| How do we determine whether two things are similar? |
There are many ways in which to describe things as being the same or different, but the similarity of two items cannot be understood without knowing how / in what sense / in what respect the items are being compared. That is, similarity goes beyond simply comparing two items. It also involves the context in which the comparison is made. As suggested in this research, that context is predetermined by the nature of the relationships we perceive between the items being compared.
Goodman claimed that the similarity of A to B is in an ill-defined, meaningless notion unless one can say “in what respects” [context] A is similar to B. He argued that similarity, like motion, requires a frame of reference [context]. Just as one has to say what something is moving in relation to, one also must specify in what respects [context] two things are similar. For example, if Mary says that John is similar to Bill, one may have no idea what she means until she adds the observation [context] that they both are avid chess players (p. 254) …

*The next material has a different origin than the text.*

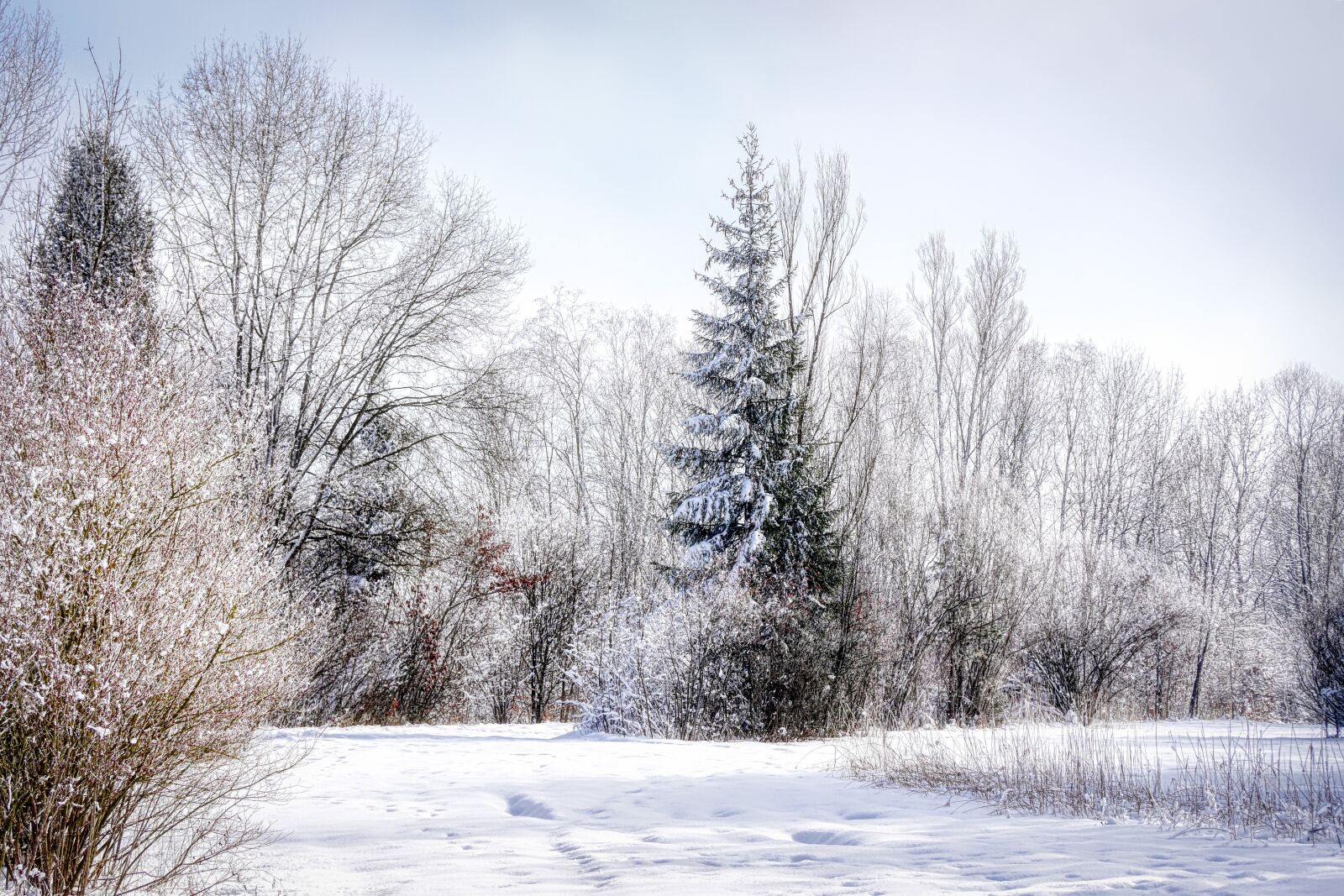 Panasonic Lumix DMC-GX8 sample photo. Tree, winter, snow photography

[Goodman] called similarity a chameleon, but we believe that similarity is more like two yoked chameleons: The entities entering into a comparison jointly constrain one another and jointly determine the outcome of a similarity comparison. (That is, paradoxically, two chameleons may behave in a more orderly manner than one.) Thus, [the concept of] similarity is changeable and context dependent [across various instances] but systematically fixed in context [for a specific instance] (p. 272) …
[O]ur observations suggest that the effective representations of [two terms being compared] are determined in the context of comparison, not prior to it. It is as if the two terms were dancers: Each dancer may have a repertoire of stylistic preferences, but the actual performance depends on an interaction between the two (p.275).
Medin, D. L., Goldstone, R. L., & Gentner, D. (1993). Respects for similarity. Psychological Review, 100, 254-278.